Sunday, July 25, 2010
Funny, I was writing in response to a new post on the site but by the time I finished tapping out my comments, the OG post was removed. In respect to the privacy of the original poster, I'll just paraphrase the part I was responding to: "to what extent should we push our kids to learn things that they may not enjoy?" The OP was talking about Chinese school, a grand tradition that many an ABC can probably relate to. Here's what I wrote in response:
I went to Chinese school for several years as a kid. I retained practically nothing out of the experience and while I won't say it was a waste for time, I do think that trying to master a second language that you're not immersed in at home is extremely difficult, especially if not done at the inception of language in a child's life.
The thing is: my parents made a very conscious choice to raise my sister and I in an English-speaking household; they wanted to see us succeed educationally and to them, that meant mastering English. In hindsight, one can question the logic of their decision; my mother's older sister raised her son (my cousin) in a Chinese-speaking household and as a result, he's very proficient in both English and Mandarin. But I rarely felt like I missed out. I have skill sets other people don't have as a consequence of my education just as I lack some skills that I might have acquired if my life had gone differently.
Do I wish I spoke better Mandarin?

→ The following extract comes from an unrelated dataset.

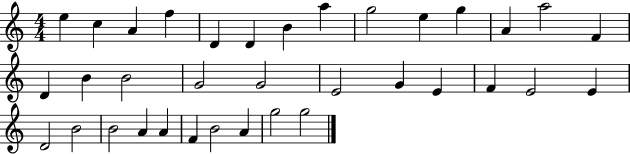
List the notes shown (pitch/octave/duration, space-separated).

E5/q C5/q A4/q F5/q D4/q D4/q B4/q A5/q G5/h E5/q G5/q A4/q A5/h F4/q D4/q B4/q B4/h G4/h G4/h E4/h G4/q E4/q F4/q E4/h E4/q D4/h B4/h B4/h A4/q A4/q F4/q B4/h A4/q G5/h G5/h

Absolutely, especially the times where I'm visiting China. But I don't put that on my parents' decisions. I could have taken Mandarin in college. I could take it now. But just as my parents made their choices, I've made mine too and that's been to accept that, at least right now, learning Mandarin isn't enough of a priority compared to other things I'd rather spend my time on (and in any case, if I was really going to go to language classes, I'd take Spanish first).
All of this is to say: it's complicated. My daughter (5) has her first piano recital today and she's very nervous about it. The pain of her anxiety pains me but I'm glad she's taking piano. I wish I had stayed with my lessons more as a kid but like Chinese school, my lack of progress and general antipathy eventually lead my parents to accept my decision to stop doing it.
Do I wish my parents had insisted otherwise? That's very hard to say. On the one hand, I wish *now* that I had better musical skills. But I can't say, "I wish my parents had forced me to learn." That would have created tension in our relationship by forcing them to force me to practice. Would that tension and resentment have been worth it in the end? Possibly. Possibly not. The old taunt, "you're going to thank me for this one day!" doesn't always get proven right. Sometimes, decades later, people are resentful about what they're forced to learn. That's the risk.
My wife and I talk about this a lot: is it our responsibility to pick what skills we think our daughter should master? Obviously some - how to read and write, how to swim, how to get along with others - have practical social and literal survival skills. But playing piano, learning another language, learning how to draw, etc. - those aren't essential (not to us). I think our current philosophy is to support what she wants to learn but not necessarily pick those paths for her. We wonder, all the time, if that's the best thing for her but like I said, we all make our decisions and have to learn to live with them. As the cliche goes, only time will tell if our choices were the "right" ones.